Dr Anna Middleton is an Ethics Researcher and Registered Genetic Counsellor, based at the Wellcome Trust Sanger Institute. She leads the ethics component of the Deciphering Developmental Disorders study, a collaborative project involving WTSI and the 23 National Health Service Regional Clinical Genetics Services in the UK. This project involves searching for the genetic cause of developmental disorders, using array-CGH, SNP genotyping and exome sequencing, in ~12,000 children in the UK who currently have no genetic diagnosis.
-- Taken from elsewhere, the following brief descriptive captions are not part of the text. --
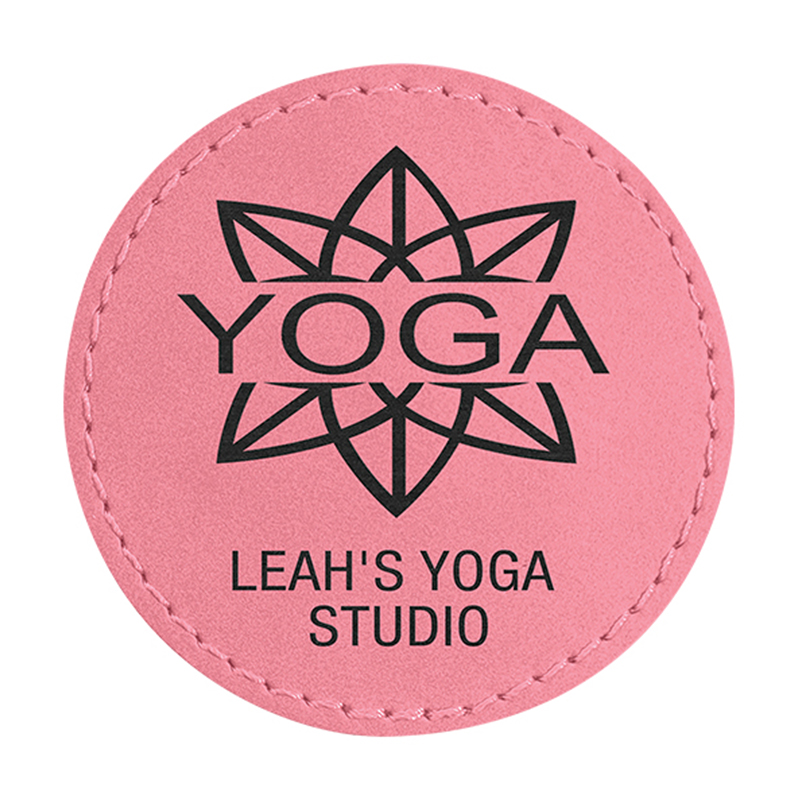 Juego De 6 Posavasos Redondos De Cuero Sintético Láserizable Juego De 6 Posavasos Redondos De Cuero Sintético Láserizable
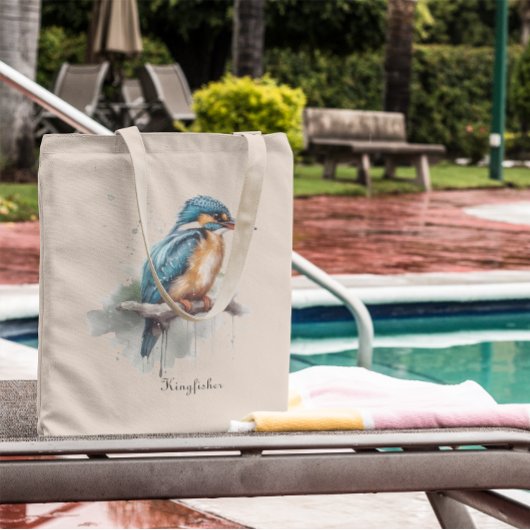 Tote Bag Sérénité du martin-pêcheur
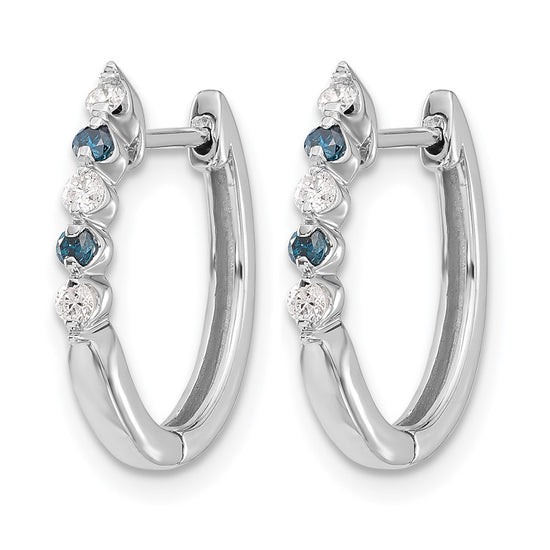 Gold Diamond Hinged Hoop Earrings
One of the issues raised by this, and many other research projects, is what should happen to ‘incidental’ findings, i.e. potentially interesting results from genomic analyses that are not directly related to the condition under study.  Here Anna discusses the research she is conducting on this topic as part of the DDD study, and provides a link to the DDD Genomethics survey where you can share your own views (I should also disclose here that both Caroline and I also work on the DDD study).[KIM]

Whole genome studies have the ability to produce enormous volumes of valuable data for individuals who take part in research. However, as a consequence of analysing all 20,000+ genes, whole genome studies unavoidably involve the discovery of health related information that may have actual clinical significance for the research participant.  Some of this will be considered a ‘pertinent finding’, i.e. directly related to the phenotype under study (e.g. the child’s developmental disorder); some of this will be considered an ‘incidental or secondary finding’ in that it is not directly linked to the phenotype under study or the research question that the genomic researchers are trying to answer.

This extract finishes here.